We all know that searching for a job can be frustrating, and that sending in applications is only the start of a process that can include a lot of waiting.

And waiting…

And waiting…

And then, well—maybe you never hear back.

In this all-too-familiar scenario, lots of people may wonder what has happened to their application. Has a human being even seen it, or was it lost in some mechanical process?

The curious case of the job application robot

Recently, I read an interesting article by a director of a national nonprofit who was searching for a new challenge. He applied to multiple job openings at well-known tech companies, but soon began to suspect that robots, aka “applicant tracking systems” were “reading” most of his applications.

Eventually he grew so frustrated by the long silences and the lack of a human response that he decided to take radical action. Fighting fire with fire, he designed a robot of his own.

The “contraption of crawlers, spreadsheets and scripts” aggregated hiring managers’ contact information and then submitted a customized email with a resume and personal cover letter to those hiring managers.

It also tracked how many times his cover letter, resume or social media profile was viewed, as well as email responses from employers. In total, the robot applied to more than 500 jobs over a three month period.

So this leads to the big question: Did this amazing job application robot work? The short answer, unfortunately, is no.

Resist the urge to bombard recruiters with applications

Now the truth is that at an executive level, referrals play a big role in job applications. But at any level, the “spray and pray” approach is unlikely to work.

It’s easy to understand why candidates might feel that they should apply to as many jobs as possible to maximize their chances of landing an interview.

However, if you look at it from the side of the recruiter who is overwhelmed with resumes to sort through every day, then it’s easy to understand why it doesn’t work.

In fact, Indeed data shows that people with the highest number of applications are far less likely – 39% less likely – to receive a positive response from employers.

It’s much more effective to write targeted applications, custom made for the jobs you are interested in. Once you’ve identified a job to apply for, your main goal should be to make it clear to a potential employer why you are a great fit.

Four steps to help you land the job

What can help you stand out from the crowd? Here are four tips to help you make your applications more targeted.

Be honest with yourself – The most important thing you can do to improve your chances is to carefully evaluate each job you’re applying for to ensure a good fit. Be honest with yourself and ask: 1) Are you qualified to do the job? and 2) Do you actually want to do this job?                      

Here’s what a recruiter thinks when he or she receives applications for every job at their company: You haven’t actually read the job descriptions. Trust me, it’s not a good look. This doesn’t mean you can’t apply to more than one job at a time – just make sure they are all jobs you are interested in and qualified for. 

Screen and apply to each job with care – Quality is more important than quantity, so focus on crafting a few high-quality applications by reading the entire job description, ensuring you can demonstrate the required skills and qualifications, paying close attention to the application instructions, carefully reading (and answering) all questions on the application and, of course, double-checking your responses before you submit that application.
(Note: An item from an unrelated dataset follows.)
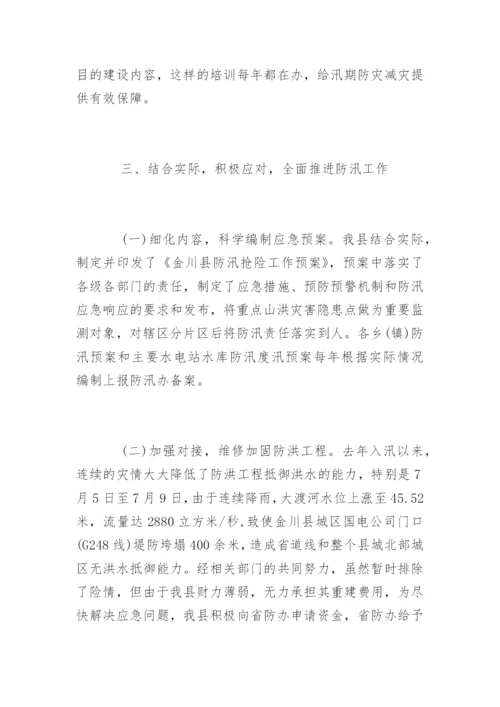 防汛工作情况汇报.docx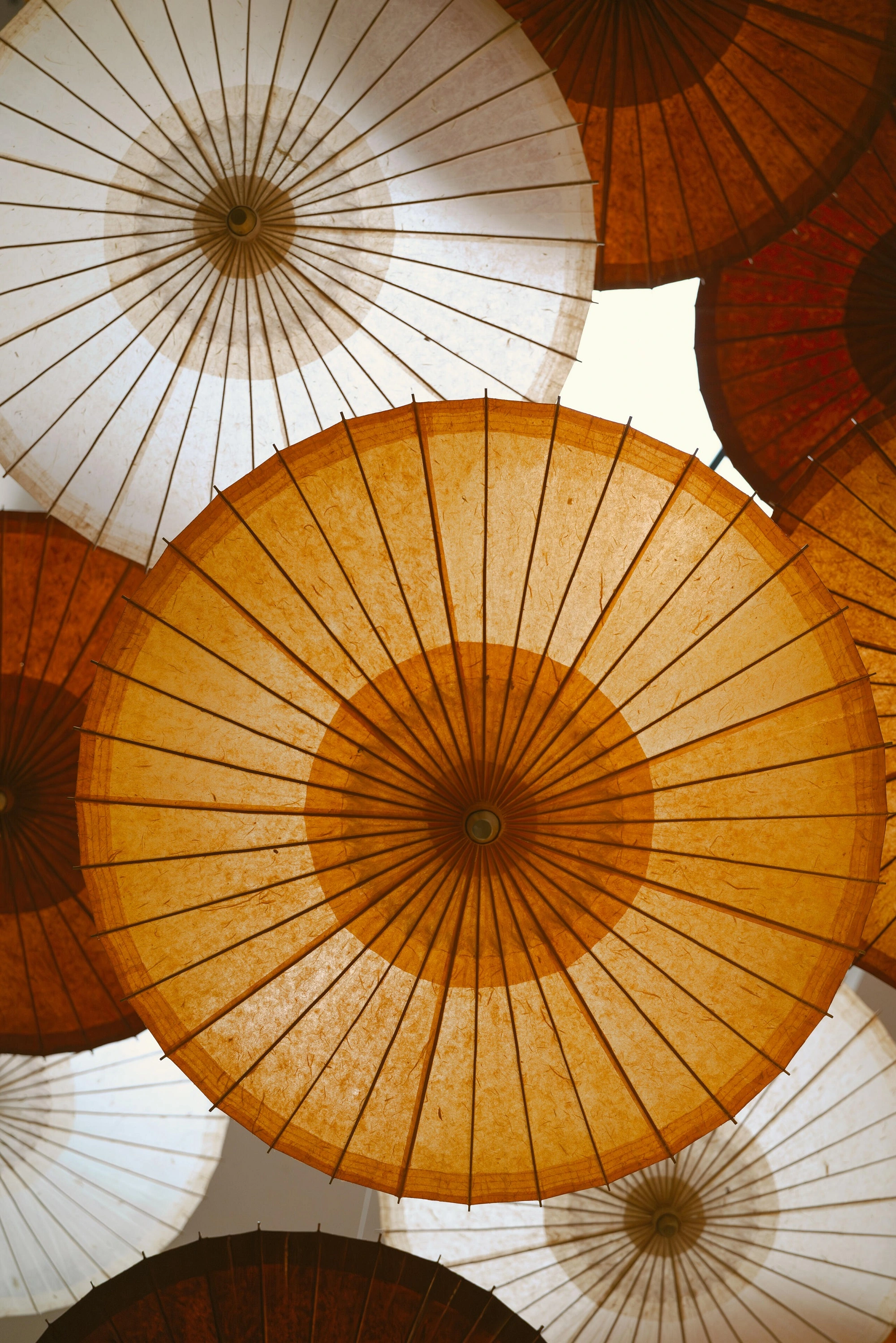 Jak uzyskać filmowy look zdjęć z obiekktywem SIGMA 35 mm F/1.4 Art?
Stay organized – Successful job seekers approach their search with discipline. Just as if you were studying for an exam or tackling a particularly tricky task at work, set aside enough time to pursue your search methodically, one step at a time. Organize your outreach and keep track of the status of each job application.

Keep a clean resume – Have a “clean” resume on hand that you can alter to fit each job application. For example, adding relevant details or emphasizing past experience to fit a specific job. Don’t just start with the last resume you created for a different job having a clean resume will make applying for jobs more convenient, and thus the job-application process will go more smoothly.

These steps may not sound as high-tech as building a job applying robot, but the more targeted you can be, the better.

Paul Wolfe is SVP of Human Resources at Indeed. A shorter version of this post was published at SHRM.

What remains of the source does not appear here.